Our application is now in production, but that’s not the end of it. We need to start evaluating and analyzing it, debugging, and to do so we need continuous metrics and analytical tools. ELK Stack is a bundle of tools that can help us collect logs and visualize them. Kibana is a tool that allows us to browse through the logs in a visualized form all in one place; this is great for determining an application’s performance as well as identifying the cause of problems. Aside from error filtering, it is also capable of displaying CPU metrics etc.

Methodology 

While the waterfall approach that rose to prominence in past years and was frequently used then does allow for careful development, it is not as great when it comes to speed and agility. That is why agile methodologies have become so popular nowadays; these allow us to split development into small chunks, which can then be handled independently. if you think about it, that’s basically the foundation for the whole DevOps philosophy – from infrastructure up to methodology and vice-versa.
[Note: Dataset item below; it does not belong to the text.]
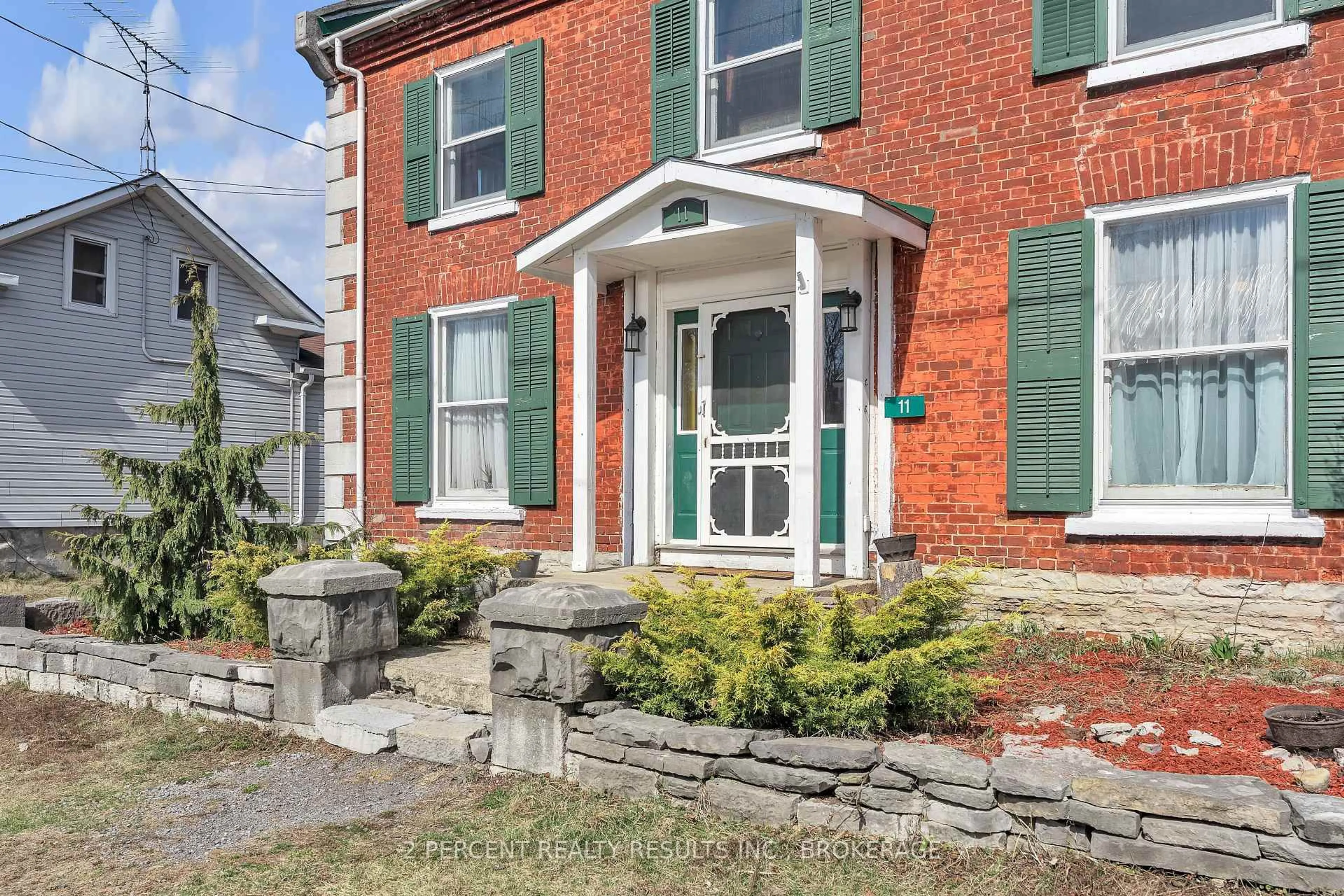 Home with brick exterior material, street for 11 Water St, Newburgh Ontario K0K 2S0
This means we do daily stand-ups and development takes place in short sprints. The standardization of the whole development process is important, and this covers analysis, development, testing, implementation as well as monitoring the performance of the completed application.

Conclusion 

The success of a DevOps project requires a combination of expertise from various areas, high-quality technologies, know-how from the field, but first and foremost a change of how a team works and how developers think. But once all of that is done, the results are worth it. A well-setup project allows for faster innovation, can quickly react to business developments and requirements, teamwork is more efficient, the overall code quality is better and we get more frequent releases.